Cumul des qualifications de financement illicite de parti et d’abus de biens sociaux

Dans le dernier acte de l’affaire des kits de campagne, la chambre criminelle de la Cour de cassation juge que les qualifications de recel d’abus de biens sociaux et d’acceptation par un parti d’un financement provenant d’une personne morale peuvent être cumulées, si bien qu’il était possible de substituer l’incrimination de recel à celle de financement illicite, entre-temps dépénalisée.

En mars 2013, soupçonnant des faits délictuels dans le cadre du financement, par le Front national, d’un candidat aux élections législatives de 2012, la Commission nationale des comptes de campagne et des financements politiques a adressé un signalement au procureur de la République de Paris.

Au gré d’une enquête préliminaire, puis d’une information judiciaire, il apparaissait que l’association Jeanne, micro-parti de Marine Le Pen, avait été chargée, moyennant paiement, de fournir un kit de campagne à chacun des candidats du Front national (comprenant affiches, tracts, création d’un site internet, prestation comptable, etc.). Cet achat, d’une valeur de 16 650 €, était obligatoire pour tous les investis par le parti.

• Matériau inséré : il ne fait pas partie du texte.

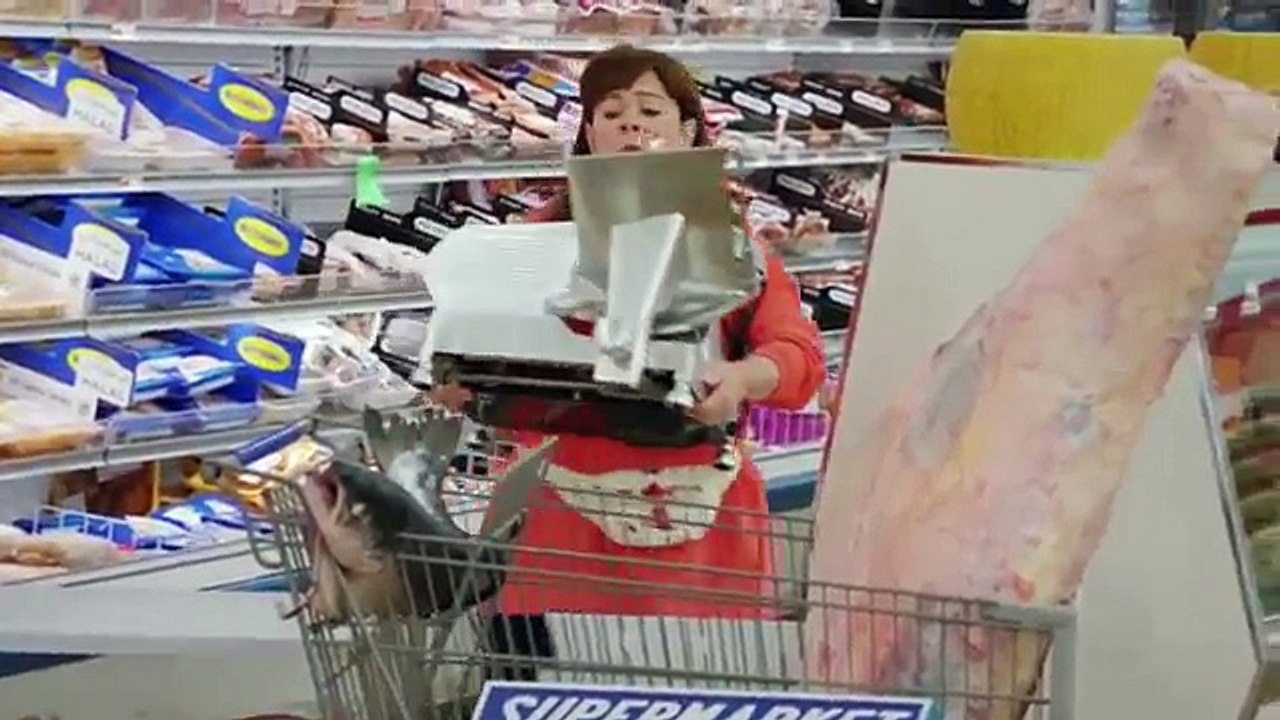 Cut For Time Supermarket Spree ft Melissa McCarthy Vanessa Bayer on Saturday Night Live (SNL) (FULL HD)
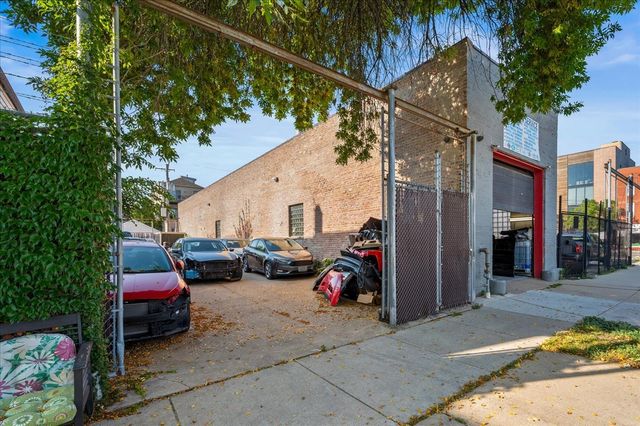 629 N Ashland Avenue, Chicago, IL 60622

Afin de financer ce dernier, l’association Jeanne proposait un prêt assorti d’intérêts d’un montant équivalent au coût du kit. Une fois les candidats remboursés de leurs frais de campagne par l’État, ils devaient restituer à l’association le montant du prêt, augmenté des fameux intérêts, ainsi payés pas le contribuable au titre du financement public des frais de campagne.

Un autre volet de la même affaire concernait la société de communication qui avait la charge de la confection des kits. Gérée par des proches du Front national, cette société a consenti, au profit du parti, des crédits fournisseurs sans contrepartie et donc contraires à son intérêt social, la rendant victime d’un abus de biens sociaux.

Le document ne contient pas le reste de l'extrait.